Este recurso literario nos sirve como punto de apoyo para emprender una reflexión sobre el tema que se me ha encomendado. ¿Es, pues, el pueblo una forma subsistente que se visibiliza en un momento dado como «Tercer estado» y que, a modo de crisálida macilenta, muda en la «nación» para, después, volver a mudar en sujeto soberano y así indefinidamente, en un proceso imprevisible, sin nunca alcanzar el definitivo estado de adultez en el que se manifestara el resplandor de la forma subyacente?

El pueblo es, como la nación, un agregado originalmente fáctico, sociológico, y no específicamente político. Denota agregados de diferente especie y que no guardan una relación directa –necesaria y unívoca– con lo específico de la política en la tradición clásica, es decir, con la conspiración del bien común. El pueblo antiguo se caracterizaba, con sus diversos matices, precisamente por ser una realidad tan cierta como de imprecisos contornos.

 

2. La continuidad política

Se impone entonces el interrogante: «¿Cuál es el agregado específica y duraderamente político y cuál es su fundamento?». Aventuro que lo que, en el orden político, tiene continuidad y va mudando de expresión –no sólo: también de autoconciencia– es algo que podemos denominar «la comunalidad política», o, si se quiere, la condición política del ser humano. Es la conjunción de un modo connatural y único de «conectividad» (connectedness) privativamente humana, unas circunstancias sociales y materiales que permiten la autarquía y unos vínculos culturales e institucionales[2] que posibilitan que esa inclinación natural se identifique con un telos común. Esos factores están presentes en esa realidad tan lábil y a la vez tan indudable que es la comunidad política.

En el orden cultural, los pueblos y las naciones tienen ciertamente una continuidad y hasta prestan un punto de apoyo para la continuidad de las comunidades políticas. Se puede atribuir al pueblo el protagonismo político de muchas formas. Antes de la edad contemporánea, la politicidad de esos agregados era indirecta, es decir, no en razón de su finalidad propia, sino porque todo el dinamismo político del ser humano se articula de forma gradual e intermedia por modo de agregaciones sucesivas, no siempre perfectamente deslindables. En ese sentido, el pueblo se puede decir político y los pueblos antiguos lo fueron, pero sólo en ese sentido.

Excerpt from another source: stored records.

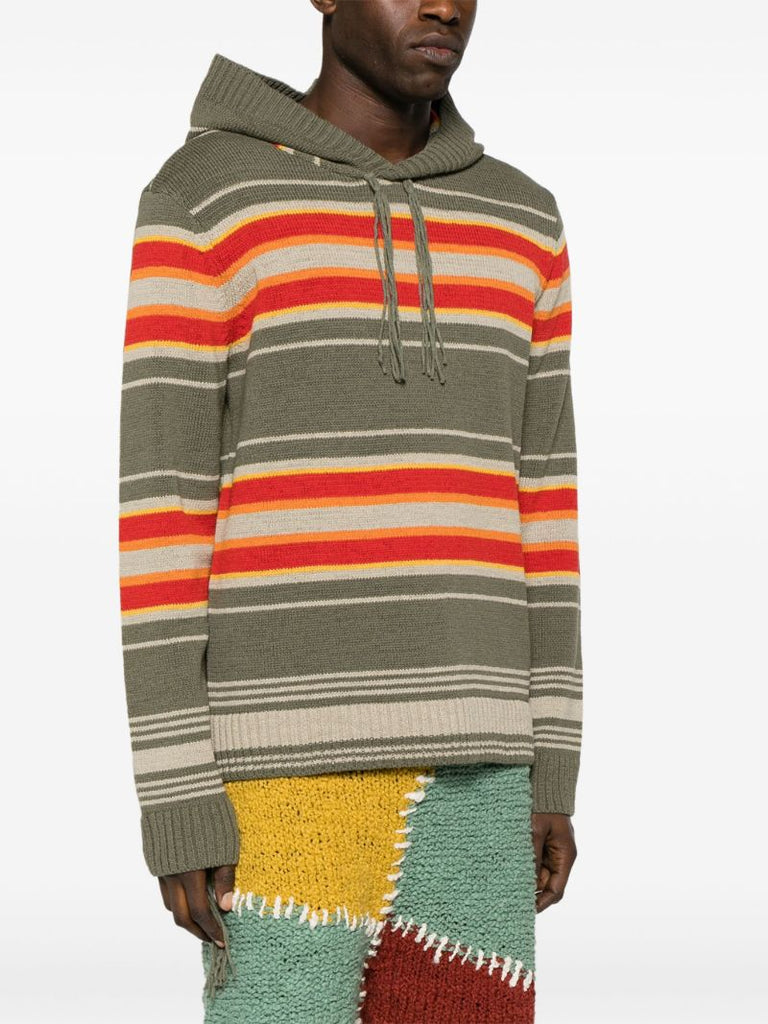 Green Hooded Striped Jumper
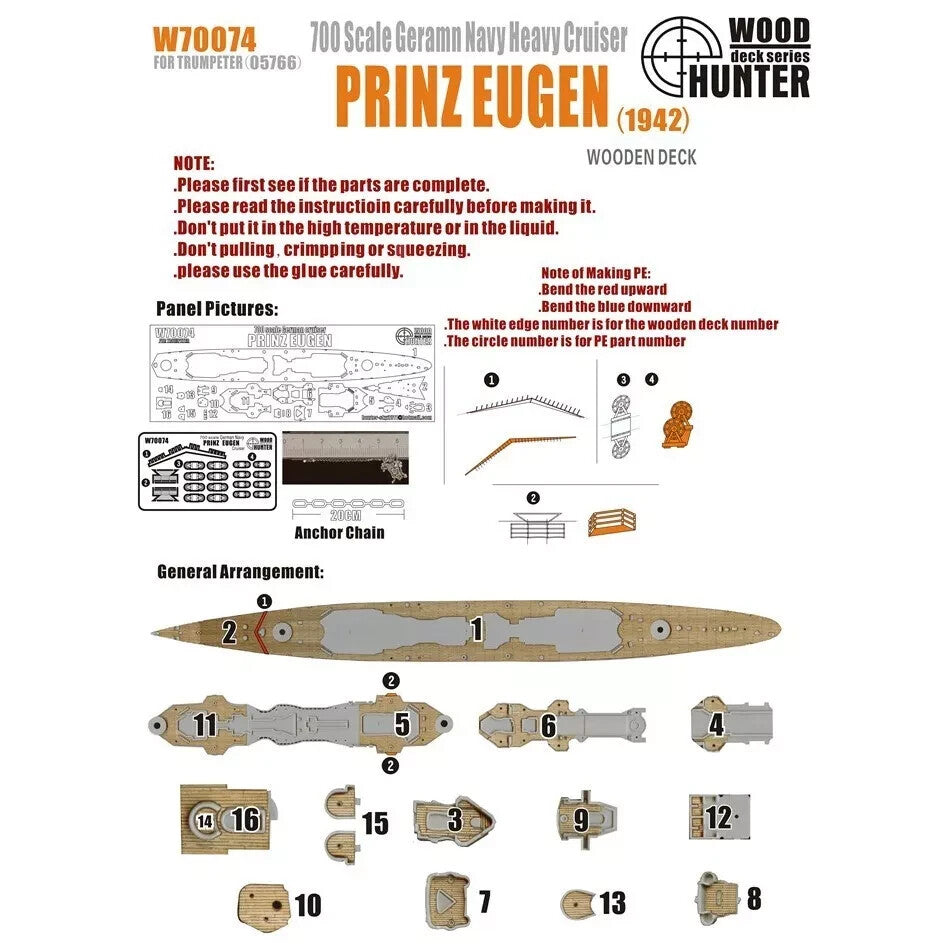 Hunter W70074 1/700 Wood Deck German cruiser PRINZ EUGEN FOR TRUMPETER 05766 — scale model kit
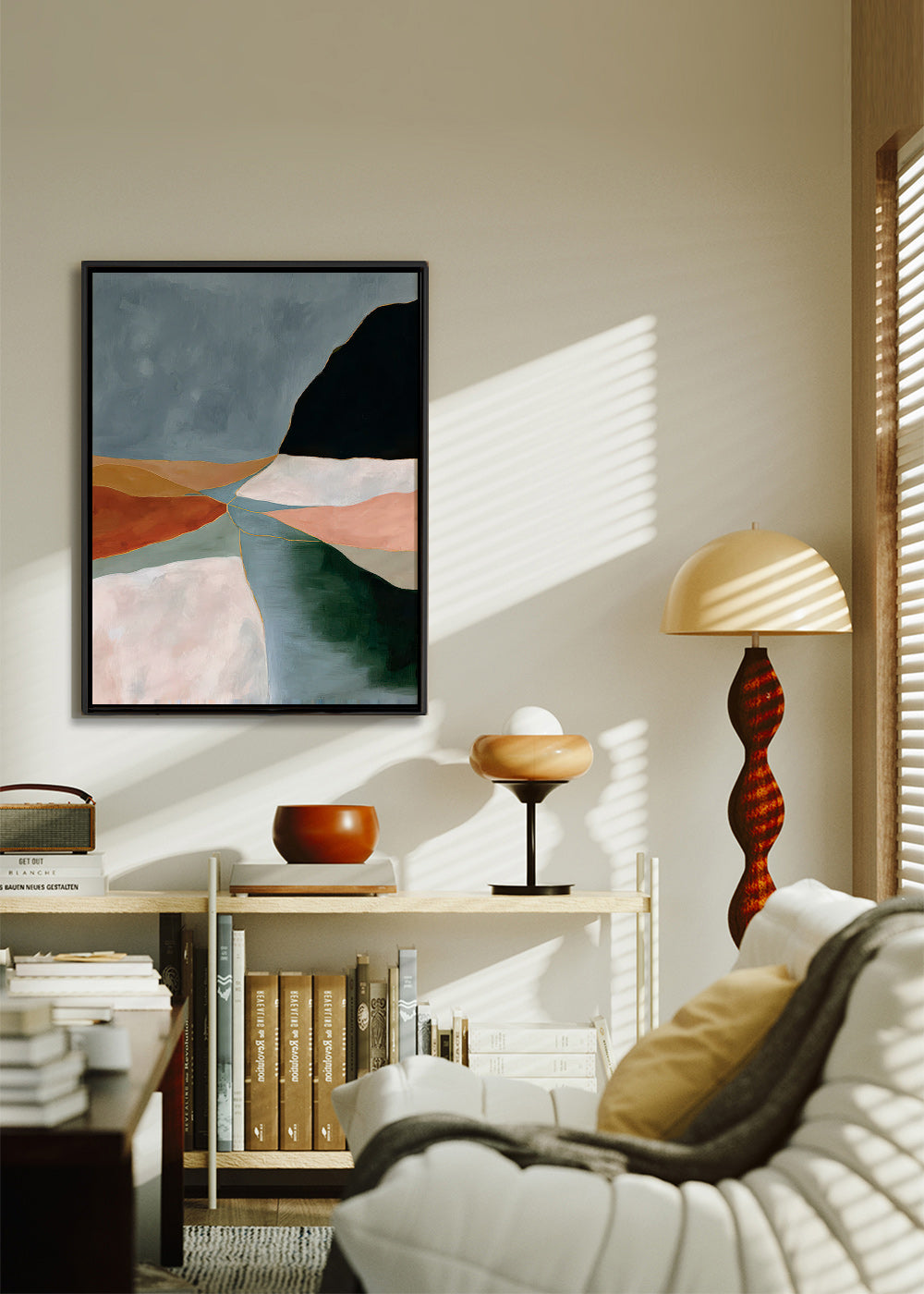 Landscape art: valley river in muted tones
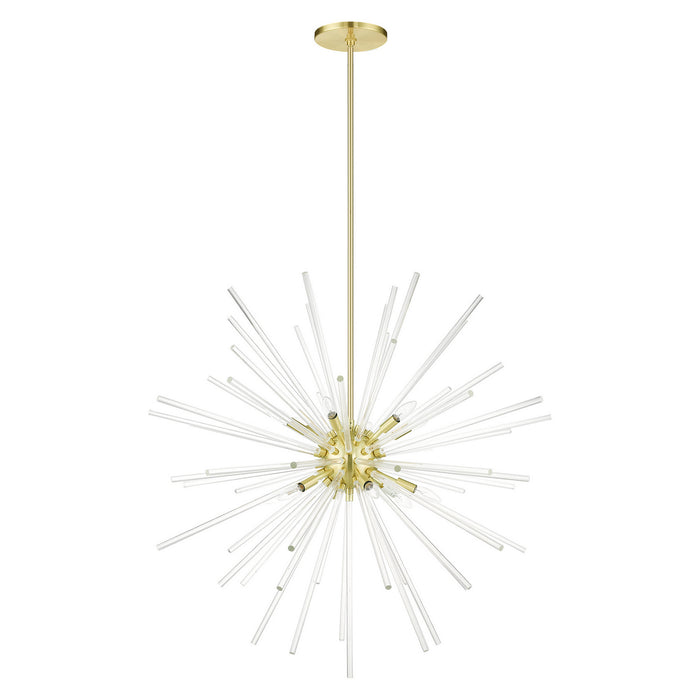 Livex Lighting 41259-12 12 Light Foyer Pendant, Satin Brass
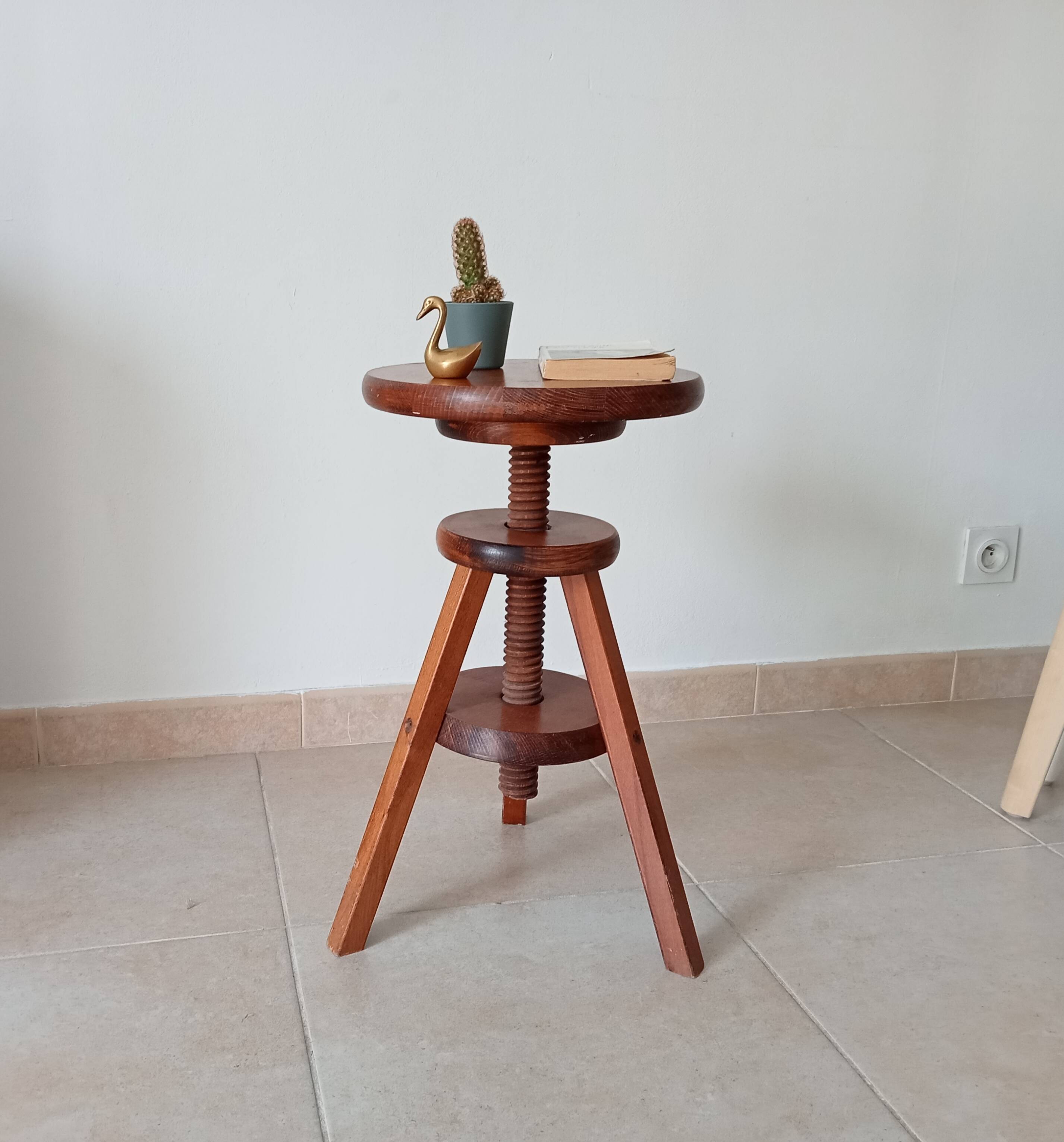 Vintage screw stool in solid oak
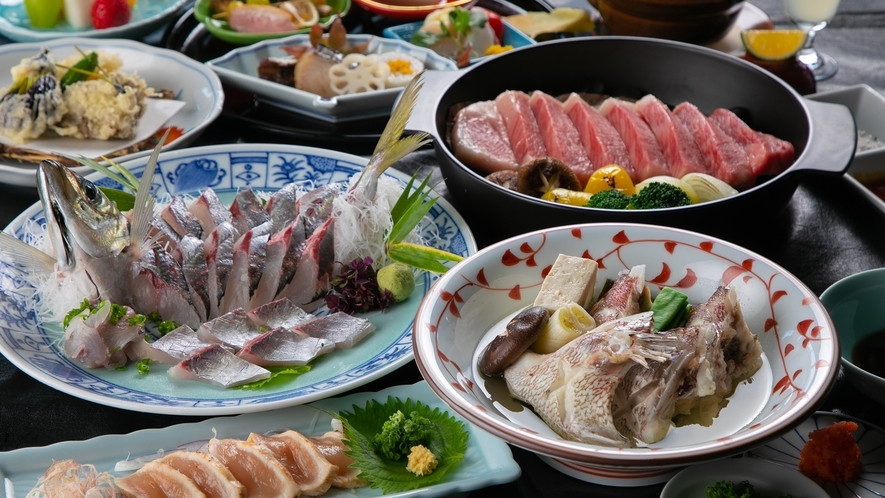 夕食／大分の三大味覚会席一例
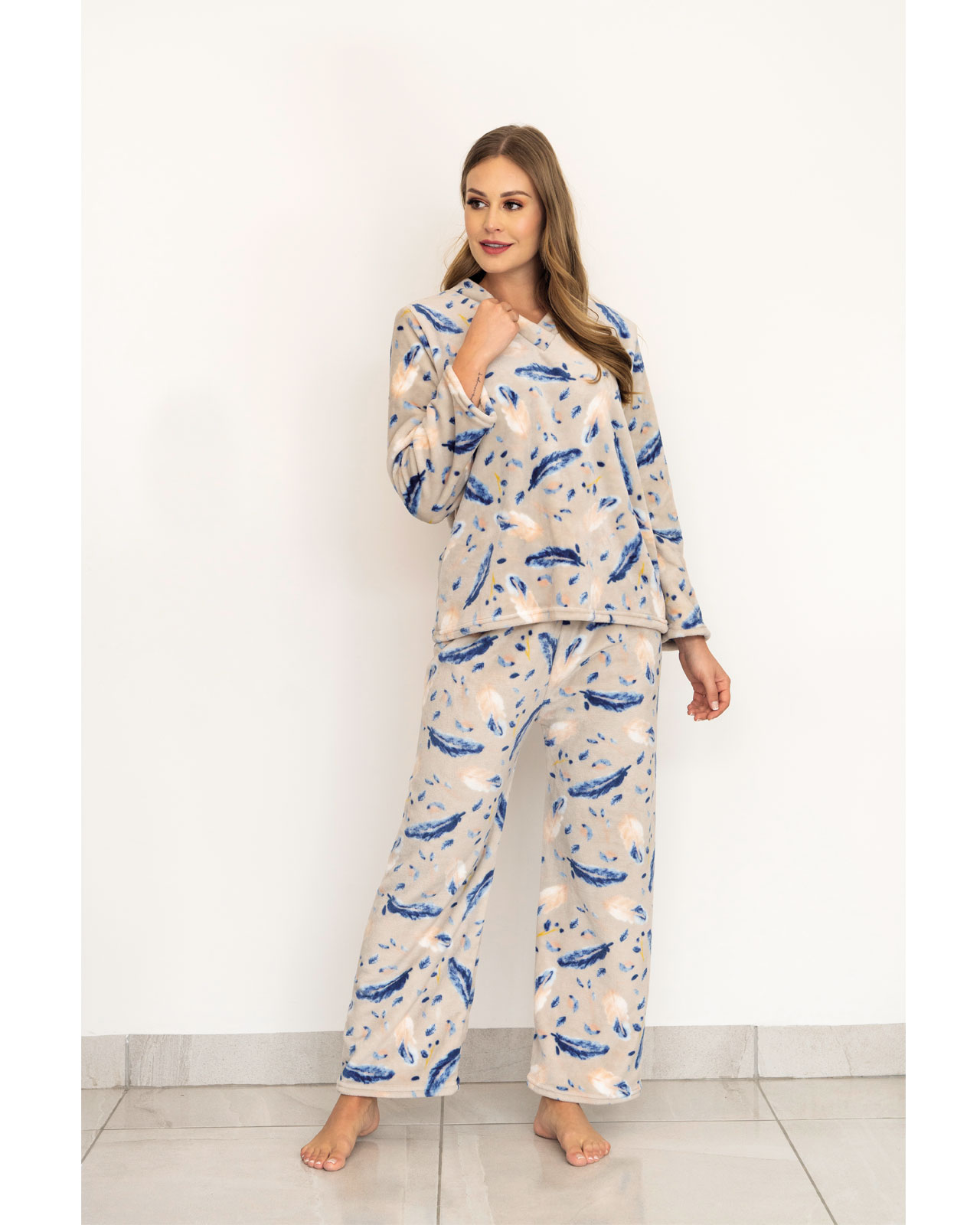 Foto 3 pulgar | Pijama Supersoft Tesso Home color Beige Montreal
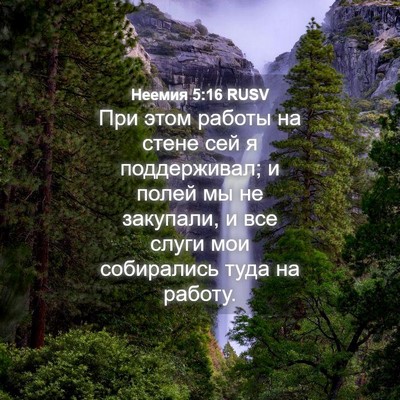 Picture 04 - Неемия 5:16 RUSV - При этом работы на стене - Bible Verse Picture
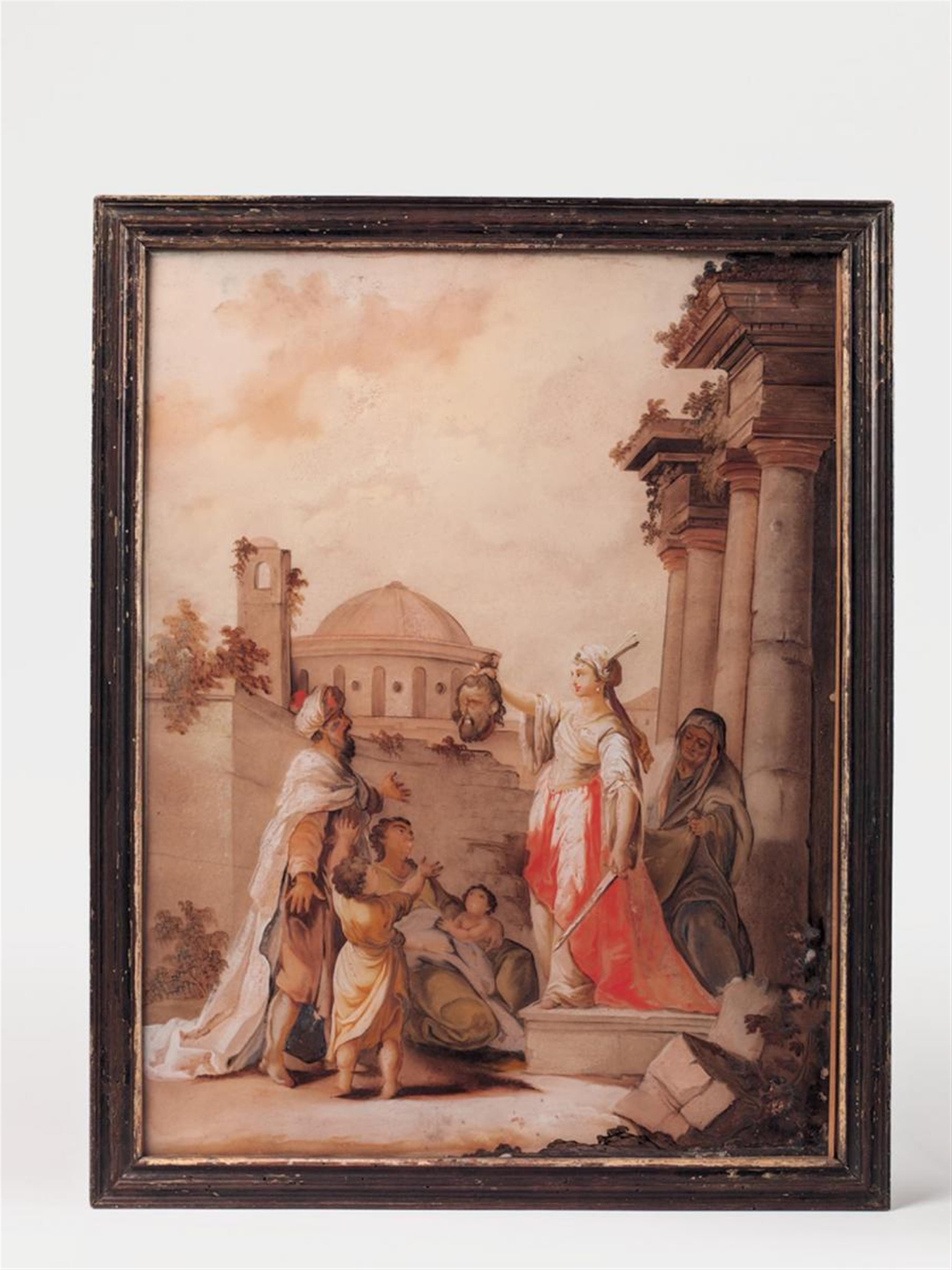 A sepia tone reverse glass painting of Judith and the head of Holofernes in a painted softwood frame - image-1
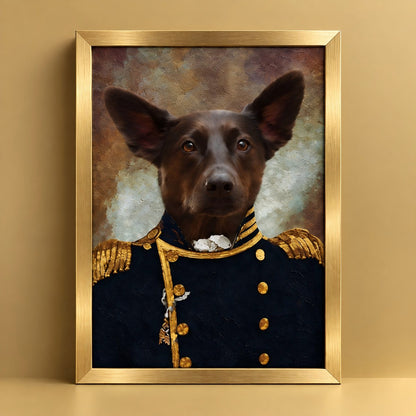A framed pet portrait painting of a black dog dressed in a navy blue military uniform with gold trim, set against a warm beige background.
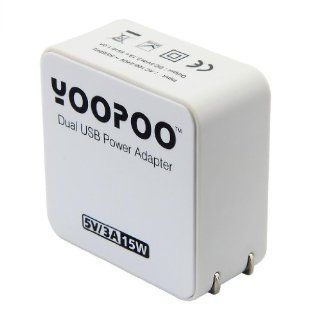 Yoopoo Dual USB Power Adapter Wall Charger 5V 3A White UL: Electronics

Es a raíz de las experiencias revolucionarias del siglo XVIII, y particularmente de la Revolución francesa, cuando se pretende inventar un sujeto político nuevo al cual, paradójicamente, se le atribuye ser depositario de toda la politicidad de la historia precedente. La obra de Jules Michelet Le Peuple (1846), contribuye de un modo particular a forjar el imaginario de una entidad constante y continua que, consignataria de la identidad de la nación, peregrina por el tiempo. Es esta imagen, instalada en nuestra forma de mirar la nueva y la vieja política, la que se proyecta sobre el pasado, haciéndonos imaginar la existencia de un substratum o substantia común, de un mesianismo intrahistórico, que encarnaría la esencia y el corazón de lo patrio.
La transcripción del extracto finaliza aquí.